Technically Incorrect offers a slightly twisted take on the tech that's taken over our lives.


devris.jpg

An impression of all the space junk floating around earth.

Stuart Grey/YouTube screenshot by Chris Matyszczyk/CNET

I spend most of my days hidden in a bunker below stairs.

This is because I've heard so many portents of doom over the last year or so that I can't possibly risk living what used to be a normal life.

There are apparently threats from all sides. Everyone is out to get us. Moreover, there are so many disparate characters vying to be our next president that you never know how excitable they might be with their fingers over the nuclear button.

Now, however, I have another reason to worry: space junk. As more disused floating gadgets wander above our world, there's a greater chance of war.

How is this so? Well, as the Guardian reports, Russian space scientists say that there's every chance one of the bits of space junk could accidentally smack into a military satellite.

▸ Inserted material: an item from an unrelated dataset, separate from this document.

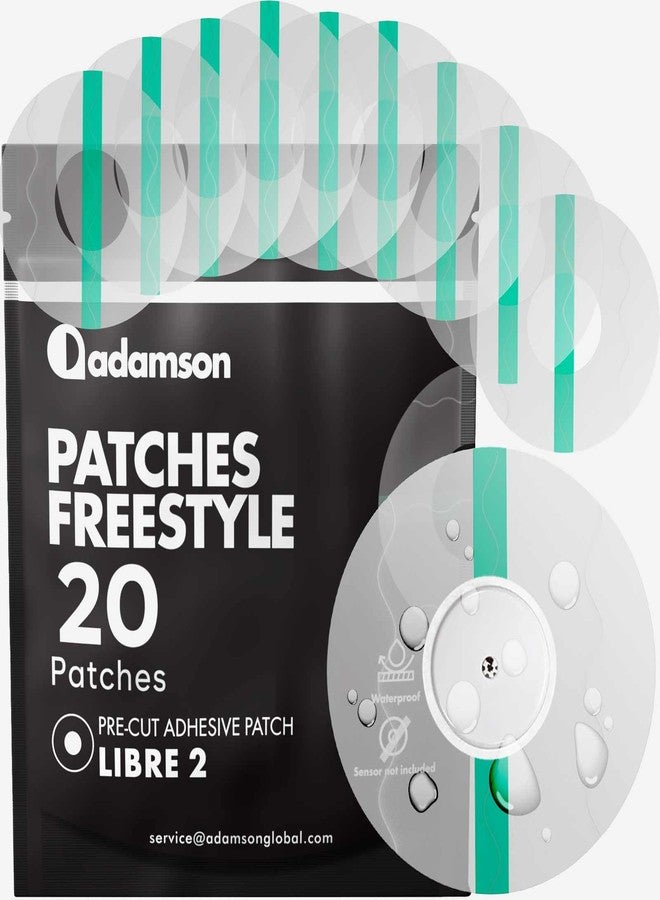 Adamson Freestyle 20 Libre 2 Covers Waterproof – Transparent, Easy to Apply and Remove, Long-Lasting, No Glue on Center, Non-Irritating – Ideal for Sports, Swimming, and Daily Use - PAC3 - Image 1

Now you know what happens when a military satellite suffers a hit. Someone with a hair-trigger mentality will assume it's an attack from a foreign power and immediately want to strike back.

The scientists have published a report detailing their fears in Acta Astronautica. In it, Vitaly Adushkin of the Russian Academy of Sciences in Moscow says that space junk poses a "special political danger."

So do half of the world's politicians, you might say. But we deal with that. What's so special about space junk?

Adushkin believes there might be some ignorance involved in assessing the real cause of the spatial disturbance.

He writes that a fender-bender between some space junk and a military satellite "may provoke political or even armed conflict between space-faring nations. The owner of the impacted and destroyed satellite can hardly quickly determine the real cause of the accident."

There's the problem. Humans are reactive.

Currently, there are said to be around 21,000 pieces of space garbage over 10cms (around 3.9 inches) floating around. There are another 500,000 bits measuring between 1-10 cms (around 0.4-4 inches). Most of these are flying around very quickly.

Already, writes Adushkin, there have been incidents involving defense satellites. In 2013, a Russian satellite called Blits was blitzed by debris that apparently came from a destroyed Chinese weather satellite. And in 2014, the International Space Station had to swerve to avoid space junk five times.

There have been fears for some time about how space junk might wreck our lives. In 2011, the Pentagon warned that it could have the heinous consequence of knocking out our cell phones.

NASA has long been concerned about space junk. It says, however, that the biggest danger comes from "non-trackable debris."

We don't know about everything that's up there and out there. And on top of all that, there's aliens.

The future president's job will not be an easy one. Imagine if we went to war because of a crash in outer space. Stranger things have been known to happen.